Sunday, March 23, 2008

Chamba - Divine Painting

Pahari Chamba


Art

The art of miniature painting was introduced in Chamba, it is believed that the beginnings in this art were made in the early seventeenth century. There were probably no regular ateliers at that time at Chamba but the presence of some itinerant artist can safely be assumed, from the evidence of portraits of the princes of that period. It seems that some artists working at Nurpur had migrated to Chamba in the first half of the seventeenth century. At first a naturalistic style of painting having affinities with Mughal painting of the Jehangir period may have been introduced at Nurpur and not long afterwards at Chamba. Thereafter the migration of painters from the centres of the Mughal painting who were not first rate artists of Imperial atelier and the presence in the Hills of the pre-Mughal style of manuscript illustration, resulted in the evolution of a style which is peculiar to the Hills. Gradually the naturalistic style gave way to stylization while more vivid colour tonalities were preferred.

In the beginning of the eighteenth century the facial type becomes slightly heavier but soon thereafter a longish facial type was evolved which remained popular for some decades. Mid-eighteenth century paintings from Chamba have a distinctive style of their own as can be seen in both dated and signed works. Trees crowned with triangular foliage and irregular trunks rows, are a common features of the paintings of this period. The backgrounds are generally plain. There is no attempt at perspective. Architectural features though not very intricate have resemblances to contemporary Mughal architecture. The drawing is competent though human figures are stylized.

Art

Durga slays asura

Chamba, an important centre of Pahari painting, is situated in the Ravi Valley in the heart of the Himalaya mountains. To its north-west lies the State of Jammu-Kashmir. Chamba was till recently the capital of a small principality. Being protected naturally, and too small to attract an invasion, its archaeological wealth is well preserved. As a result of the explorations carried out by J. Ph. Vogel in the opening years of this century, a museum was established at Chamba in 1908. Raja Bhuri Singh, of Chamba after whom this museum is named, presented a large number of Pahari miniature paintings from the palace collection to the museum. The gift included an extensive set of paintings on the Ramayana.

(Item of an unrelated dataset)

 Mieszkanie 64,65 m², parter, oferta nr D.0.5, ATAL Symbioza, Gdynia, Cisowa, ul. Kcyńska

The historicity of the Ramayana epic has received the attention of several scholars. Monier Williams and Arthur Berridale Keith were of the view that the original portion was written around 400 B.C. Valmiki Ramayana is a great classic and in content more than an epic. Rama the hero of the story, as depicted by Valmiki is a human being possessing unique valour and endowed with divine powers.

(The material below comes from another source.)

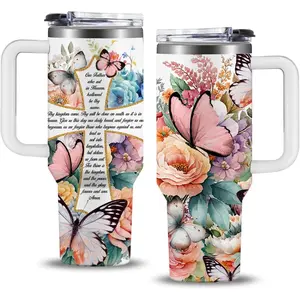 Christian Gifts for Women, 40 oz Christian Tumbler with Handle, Christian Birthday Gifts for Women, Religious Gift for Flower Butterfly Lords Prayer Cross Christian Cup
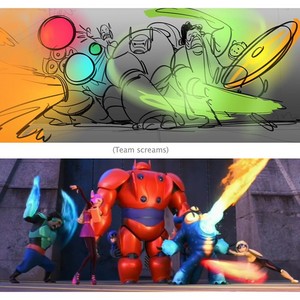 Big Hero 6 Storyboard to Final version of the movie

All ancient Indian scriptures hold a man’s character above all else. In fact, ‘the central idea of old Hindu civilization… was that of dharma which was something much more than religion or creed; it was a conception of obligations, of the discharge of one’s duties to oneself and to others’. The epic is encyclopedic in its content and it has been said that there is no situation or circumstance, one face in life, which does not occur in this story and thus it guides its hearers to righteous action on all occasions and for all obligations and duties in different situations and circumstances. Countless versions of the Ramayana exist in local dialects and folk songs peculiar to small areas and communities. Chamba is no exception and it, too, has a beautiful loka Ramayana in a long poem, known as anchali of Rama, which is sung for the whole night on auspicious occasions. It is simple and is usually sung in chorus. Noteing a literary work of a single poet, it is hardly possible to ascertain the antiquity of this folk poem.

Art

Siege of Lanka

Although for want of adequate material it is difficult to say exactly when the art of miniature painting was introduced in Chamba, it is believed that the beginnings in this art were made in the early seventeenth century. There were probably no regular ateliers at that time at Chamba but the presence of some itinerant artist can safely be assumed, from the evidence of portraits of the princes of that period. It seems that some artists working at Nurpur had migrated to Chamba in the first half of the seventeenth century. At first a naturalistic style of painting having affinities with Mughal painting of the Jehangir period may have been introduced at Nurpur and not long afterwards at Chamba. Thereafter the migration of painters from the centres of the Mughal painting who were not first rate artists of Imperial atelier and the presence in the Hills of the pre-Mughal style of manuscript illustration, resulted in the evolution of a style which is peculiar to the Hills. Gradually the naturalistic style gave way to stylization while more vivid colour tonalities were preferred.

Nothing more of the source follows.